A few Canadians, Mega Bouche (ToRD) and Lock N Roll (HCRG), show their love for slow derby at the 2010 WFTDA Championships. (Photo by Lucid Lou)

But I believe this thinking—which panders too much to the audience while at the same time questioning this audience’s ability to grasp strategies and skating techniques and appreciate them—is backward.  The reality is, is that the isolation and trap strategies that have now become an essential part of any competitive team’s arsenal represent the logical evolution of the sport (and the dramatic trapping that often occurred in 2009 rarely occurs anymore against teams that are evenly matched); for me, all this confusion lies in a misunderstanding of what the nature of the game really is. No matter what anyone says, roller derby is not, by nature or definition, exclusively a fast sport. Unarguably, the goal in roller derby is for a team to advance its jammer past the opposing team’s blockers to score points. The easiest way to accomplish this goal is, logically, to slow down the blockers (conversely, the best way to avoid being scored on is to speed up!). Therefore, one could easily argue that by nature and definition roller derby is just as much a slow game as it is a fast one.

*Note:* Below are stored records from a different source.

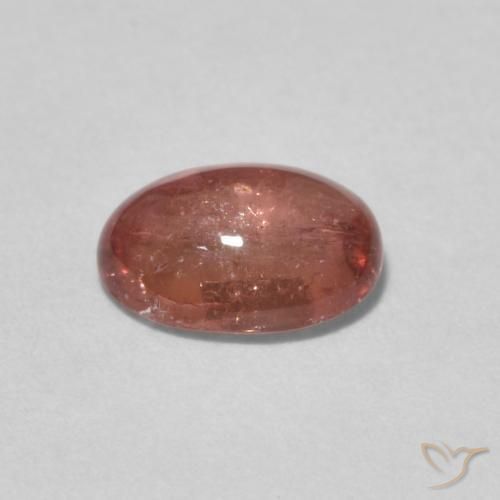 Tormalina Medium Dark-Pink naturale da 1.28 ct, Ovale, Trasparente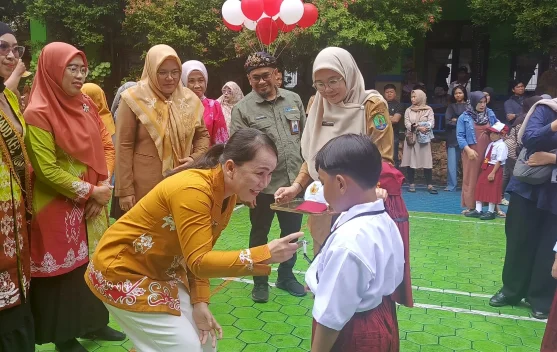 MPLS SDN 005 Nunukan, Siswa Antusias Masuk Sekolah
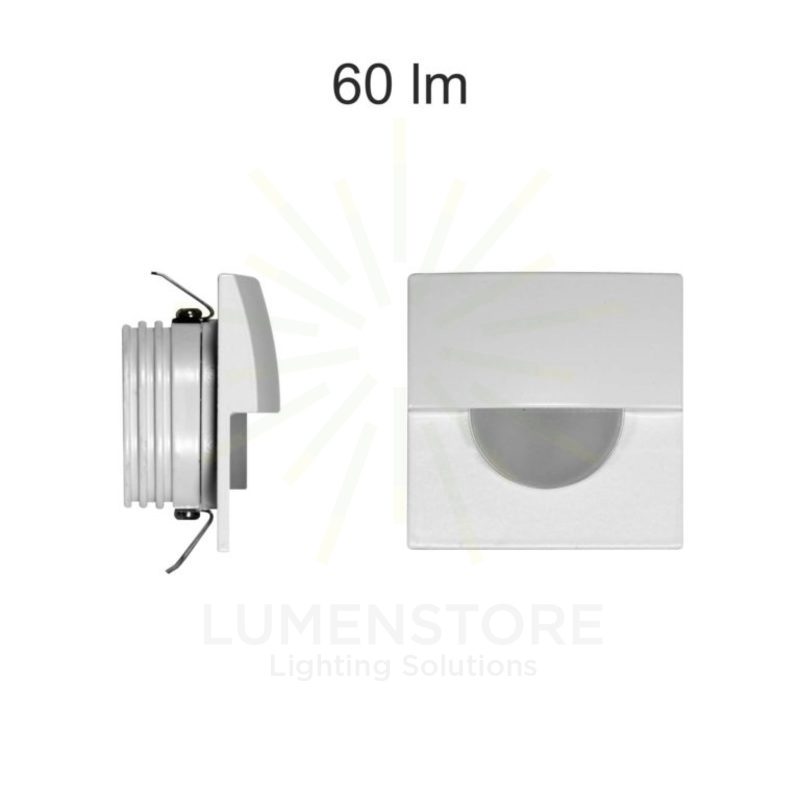 segnapasso led da incasso 2w 220/240v 3000k bianco ip20 beneito faure 4108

Traditionally, roller derby was played in a fast, forward-moving way because it was played on a velodrome. When the track was flattened, this need to be in perpetual motion disappeared, freeing up skaters to explore the possibilities of being on a slower, much more controlled surface, and allowing them to find better ways to impede the progress of the opposing team’s blockers. As of the summer of 2011 pretty much every competitive flat track team employs some sort of isolation strategy (at the very least during power jams), and in most circles, the controversy seems to be a thing of the past.

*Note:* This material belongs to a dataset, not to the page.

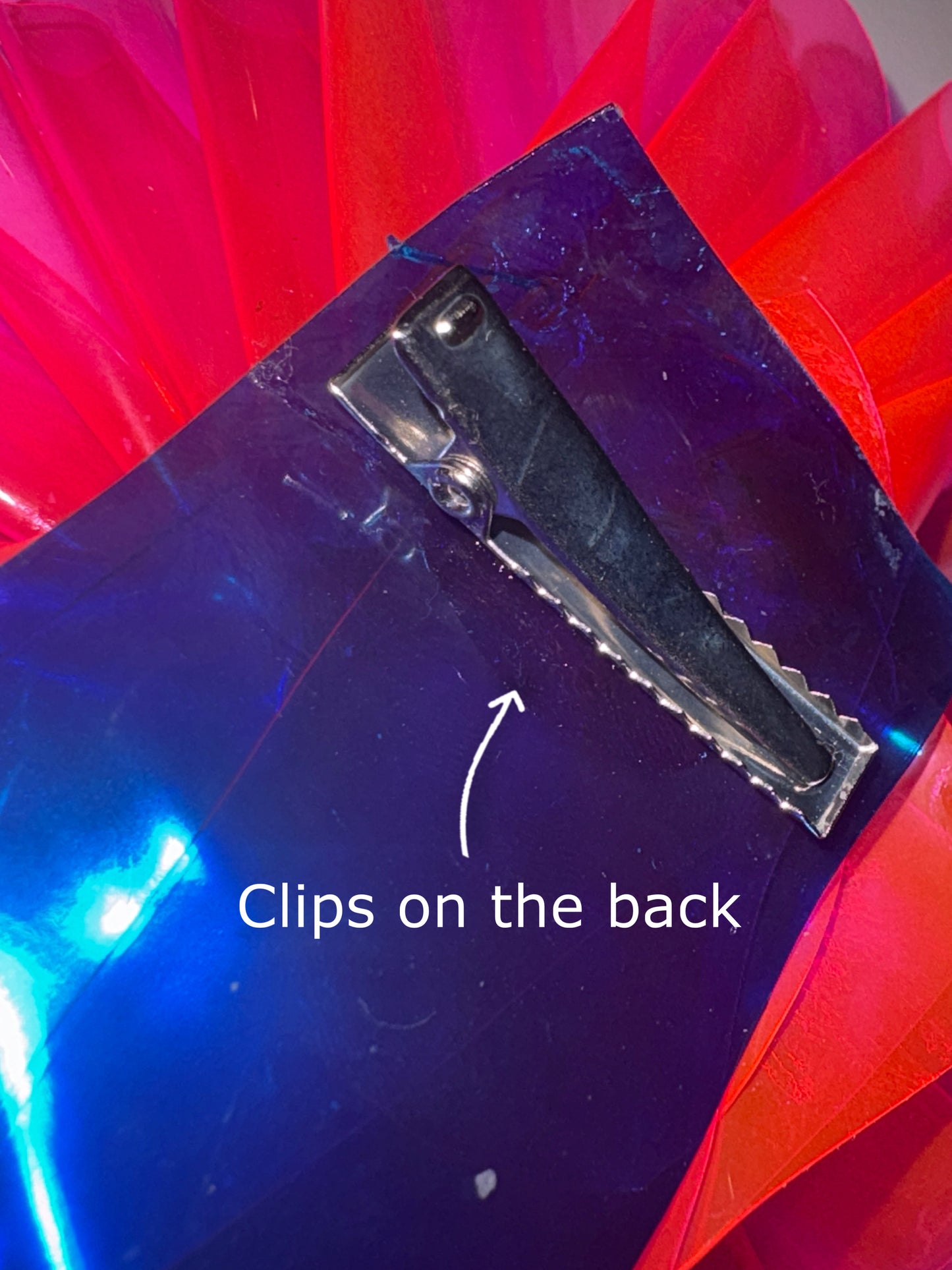 Vinyl Ribbon Rosette Clip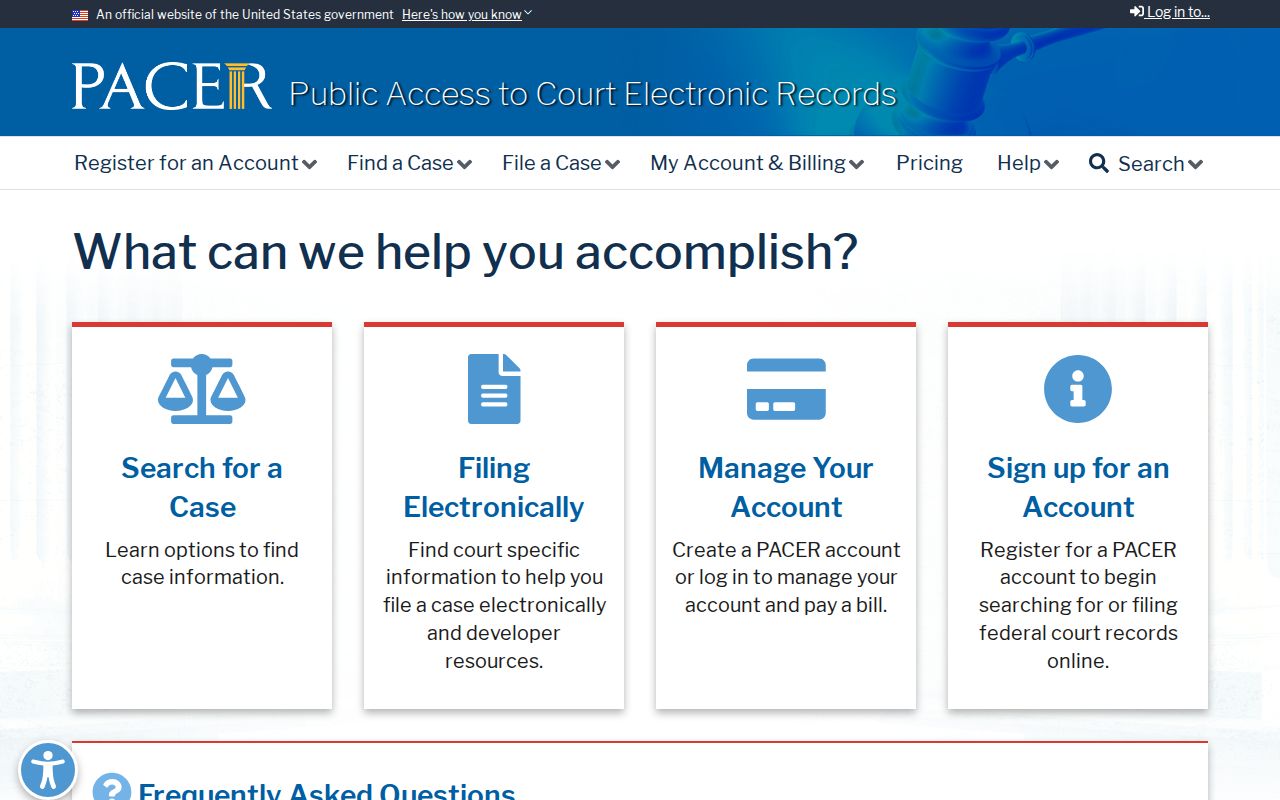 Ida County federal criminal court case search through PACER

The sport continues to grow, though not with quite the same leaps and bounds; on a macro level, the strategies of the game continue to be refined. On a micro level, players continue to make the slightest physical and equipment adjustments in an attempt to glean some kind of advantage. Increasingly, this is beginning to occur as early on as during the fresh meat process or on farm teams, before skaters ever take to the track competitively.

It was through all of these changes—the focus on strategic play, the necessity of increased training—that flat track roller derby has been defined; through these evolutions, the sport has finally found its identity.